[[ Dataset extract, beginning ]]
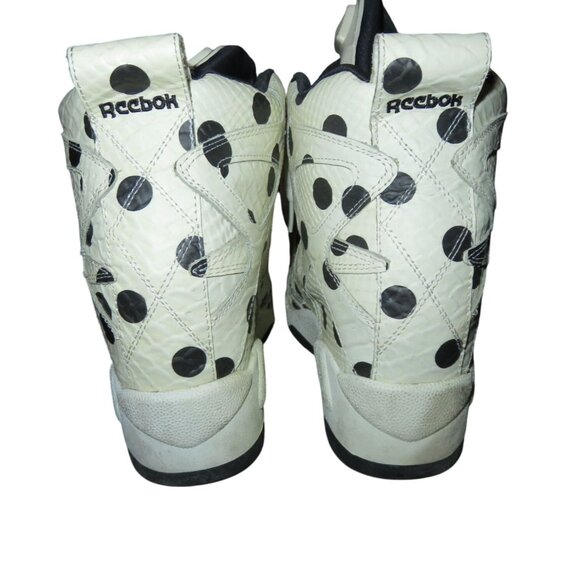 REEBOK X Melody Eshani Make Love Blacktop Pump Wedge Polka Dots Chalk White 10 - Picture 5 of 14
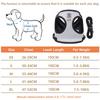 Pet Vest Harness Leash Set Reflective Safety Dog Chest Strap Pug Chihuahua Bulldog Harness Puppy Training Walking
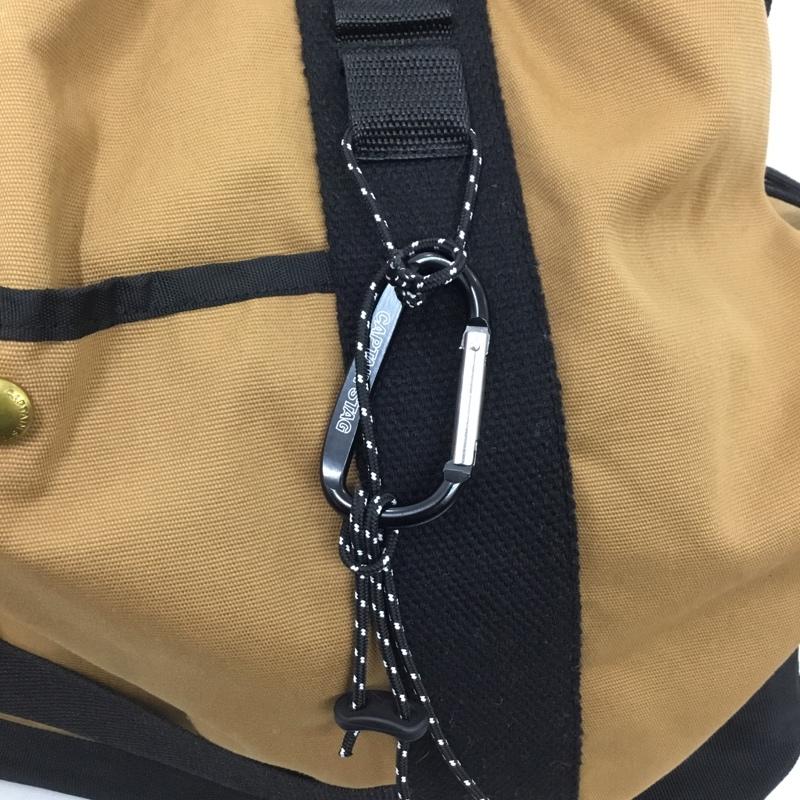 キャプテンスタッグ CAPTAIN STAG トートバッグ トートバッグ 大容量 2WAY FREAKS STORE ファイヤープルーフ キャンプトートバッグ アウトドア ロゴ、文字 黒 / ブラック / X ベージュ / ベージュ /  メンズ USED 古着 中古 10142202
[[ Dataset extract, end ]]
- _Requirement_: Please print the entire listing again exactly, minus its images.

- _Answer space_:
 REEBOK X Melody Eshani Make Love Blacktop Pump Wedge Polka Dots Chalk White 10 - Picture 5 of 14
 Pet Vest Harness Leash Set Reflective Safety Dog Chest Strap Pug Chihuahua Bulldog Harness Puppy Training Walking
 キャプテンスタッグ CAPTAIN STAG トートバッグ トートバッグ 大容量 2WAY FREAKS STORE ファイヤープルーフ キャンプトートバッグ アウトドア ロゴ、文字 黒 / ブラック / X ベージュ / ベージュ /  メンズ USED 古着 中古 10142202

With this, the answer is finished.